Aujourd'hui, le centre communautaire flambant neuf accueille de multiples activités : tai chi, yoga, gymnastique, réunions scouts... Géré par une équipe de bénévoles, il est autosuffisant grâce à la location de la salle des fêtes et du bar attenant pour des réunions familiales ou des évènements festifs, comme le salon de l'artisanat ou le festival de la bière. Les bénéfices permettent de financer les activités sociales : repas de l'amitié proposé chaque quinzaine aux aînés du village et autres activités conviviales.
Dopés par cette première expérience d'autogestion, les résidents ont décidé d'ouvrir une boutique à la place de l'ancienne bibliothèque et du centre maternel, tous deux fermés depuis de nombreuses années. Mais la négociation avec les responsables du Comté de Lancashire s'est avérée plus rude que prévu. « Ils avaient des vues sur le terrain pour bâtir un lotissement de luxe et refusaient de nous le céder », déplore Steven Wilcock, dont la famille est installée ici depuis trois générations. Il a fallu deux années d'âpres pourparlers pour décrocher enfin un bail de location de 125 ans, à titre gracieux.
Malgré les prix plus élevés qu'en ville, les clients sont assidus. Les affaires marchent tellement bien que le magasin a pu embaucher un salarié pour coordonner les équipes et assurer les livraisons en van électrique.
Mais en 2021, nouveau coup dur pour le village : les propriétaires du Trawden Arms, dernier pub du village, ont annoncé leur départ à la retraite et la fermeture de l'établissement. « Voir le pub fermé avec toutes ses lumières éteintes était déjà triste. Imaginer qu'il ne rouvrirait pas était impensable », confie un habitué. Après une phase d'abattement, les habitants se sont ressaisis. Ils ont eu quatre mois pour réunir les 450 000 Livres nécessaires à l'achat. Une somme colossale.
Comme à chaque fois, les résidents ont fait appel aux bonnes volontés. Des spécialistes en communication, sites internet et business plan ont rejoint le comité de pilotage et se sont réunis chaque semaine sur Zoom. L'initiative a été relayée dans toute l'Angleterre et les fonds ont afflué. Loterie nationale, quotidien anglais local... chacun a apporté son obole. Les habitants ont aussi mis la main à la poche : 460 d'entre eux ont investi dans l'opération. Quatre jours avant l'échéance, la somme a été réunie. « C'est incroyable l'engouement qu'a suscité cette opération », s'étonne encore Steven Wilcock.

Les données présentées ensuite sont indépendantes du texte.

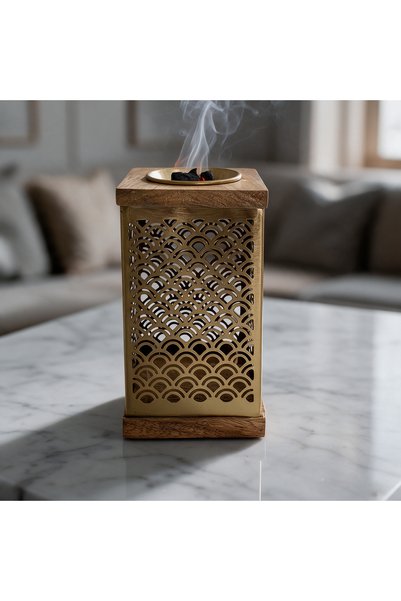 Generic Brand مبخرة هندى معدن ذهبى مع خشب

Avec un peu d'audace et beaucoup d'obstination, les habitants de Trawden ont réussi à sauver l'atmosphère particulière de leur village. Grâce à une armée de volontaires qui entretiennent les sentiers et les jardinières, font tourner boutiques et bibliothèque, animent le centre communautaire, ils cultivent un vivre ensemble précieux, fait d'engagement social et de convivialité. Le modèle fait rêver et les visiteurs viennent de tout le pays rencontrer ces pionniers de l'autogestion dans l'espoir d'appliquer les mêmes recettes chez eux. Mais l'expérience est-elle reproductible ? Sans doute. Les pubs communautaires se sont multipliés ces dernières années. On en dénombre aujourd'hui 130 dans le pays.